When I was in business school, I had a friend that lived on the east side four blocks from me. So, he and I hung out a lot, grabbed dinner, commuted to school, and became close friends. One night we were out and joking around, but at some point, it stopped being funny. He spoke to me in a way that I found unacceptable. When I asked for an apology, he refused. I left in a taxi by myself.
He called the next day and I said, “You owe me an apology.” He let me know he didn’t plan to apologize. I had a choice. A quote I recently heard made me think of this story.
“Forgiveness is letting go of the apology you will never receive.”
I chose to keep his friendship. I said, “Fine, but if you ever speak to me that way again, we aren’t friends.” He never did. We are still good friends, over 20 years later.
I spend a lot of time in my leadership programs talking about trust as the foundation of creating connected cultures. I pose the question, what is trust? I have the group define it. I have them talk about all the ways that they can consciously build trust at work, and all the ways that they unconsciously break trust. I even created a program called “Creating a Culture of Trust.”
We also talk about restoring broken trust. In that moment, my friend broke trust with me. I believe trust can be restored but it takes a desire from both sides.
For the person who did the breaking, here are 5 steps to take to restore that broken trust.
1. Acknowledge and Take Responsibility
Don’t just apologize, show you understand what you did and how it impacted the other person. Be specific and be clear. Don’t make them ask, “What exactly are you sorry for?”
2. Share the Corrective Actions You Plan to Take
Lay out how you plan to make up for your actions and how you plan to ensure it doesn’t happen again.
3. Explain What You Learned From the Incident
Show how your thinking evolved as a result of the incident. What did you learn? How has it changed the way you think or understand the situation differently? Find the growth in the situation. It immediately takes the edge off and focuses on solutions and helps you all move forward.
4. Ask for Input on Additional Actions
Don’t start by saying, “What can I do to make it up to you?” That puts the responsibility on them to fix your mistake. Once you lay out your plan, you can then ask them if there is anything else they would like to see you do. Having their input will keep them invested in the resolution, which is what you want.

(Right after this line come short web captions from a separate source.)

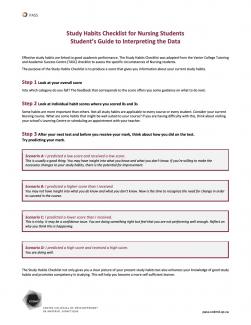 Study Habits Checklist - Student's Guide to Interpreting the Data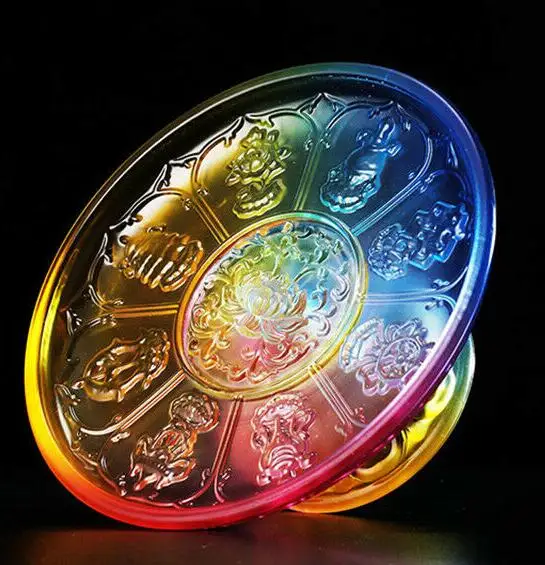 Тибетская цветная глазурная резьба Восемь подносов Manza Manda | Дом и сад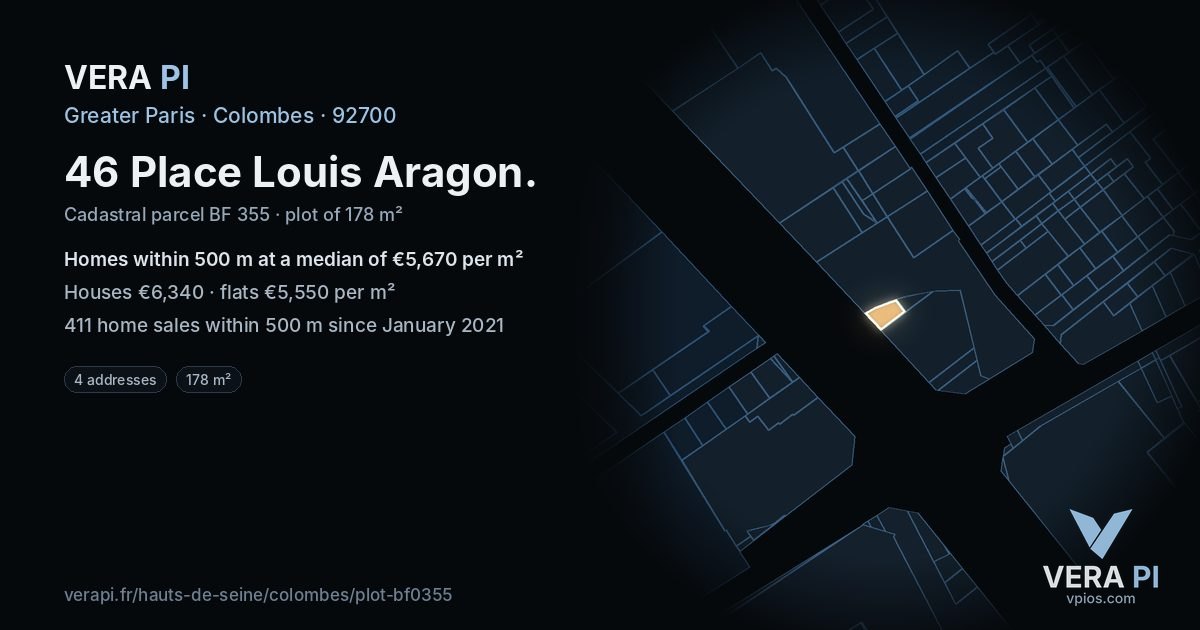 46 Place Louis Aragon, Colombes at night – the plot lit, the parcels around coloured by the prices near them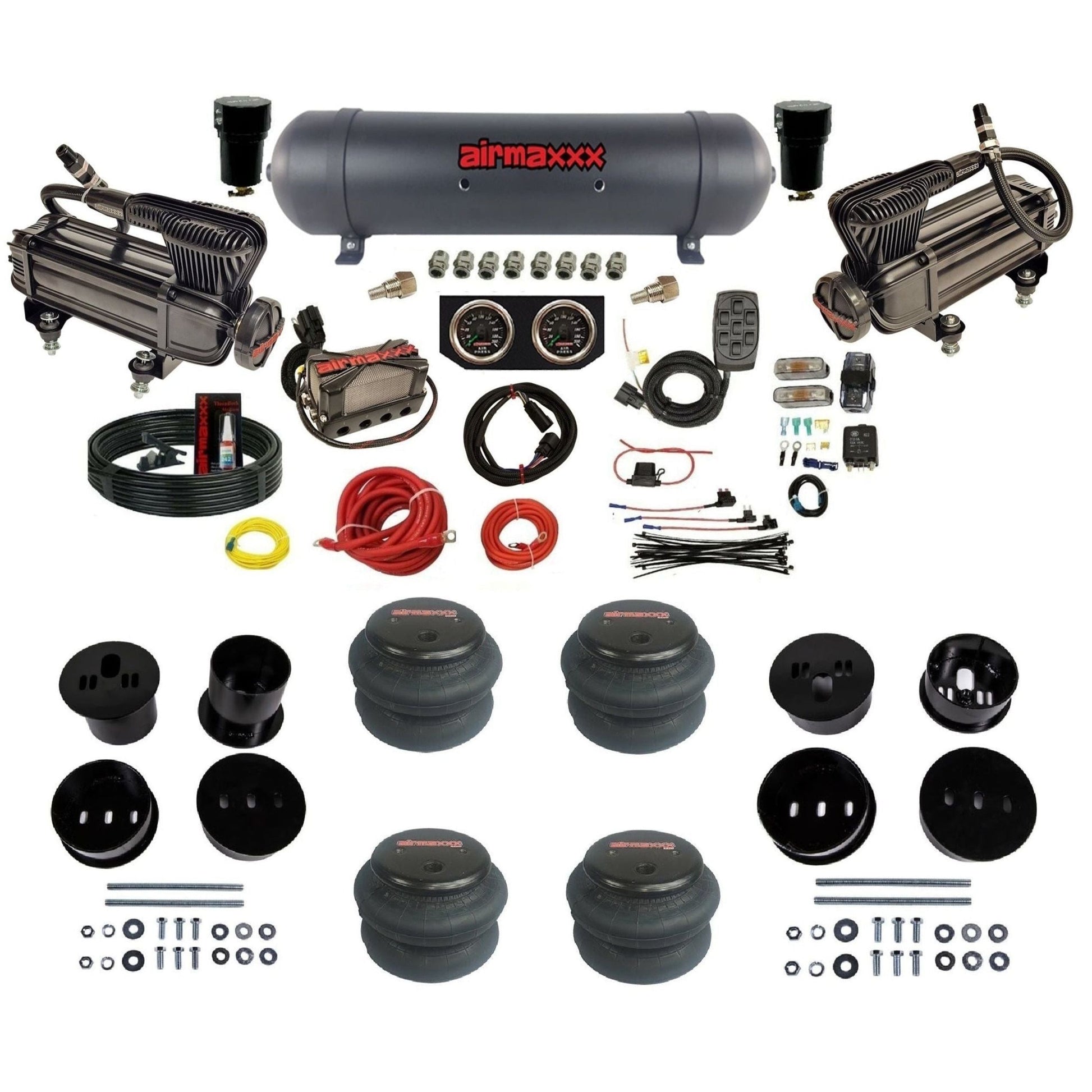 airmaxxx X-series air compressors black aluminum air tank 2600 bags & brackets 3/8" manifold air suspension kit for 1973-1987 Chevy C10 KCAD58-XB2-57ABK-X4X7-WK-HF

5. Be Consistent and Patient
Trust is broken quickly and restored slowly. Give them time to believe your changes are permanent. If you are inconsistent, your actions may deepen the lack of trust rather than rebuild it.
When you’re on the other side of that broken trust, ask yourself if you are open to rebuilding that trust. Do you want to forgive, even if not immediately? Are you skeptical and interpreting every action now through a lens of distrust?
Sometimes you’ll get that apology, sometimes you won’t. You can’t control the other person, but you can make a choice about how you feel or interact with that person. Can you, as they say in the movie Frozen, “Let it go?”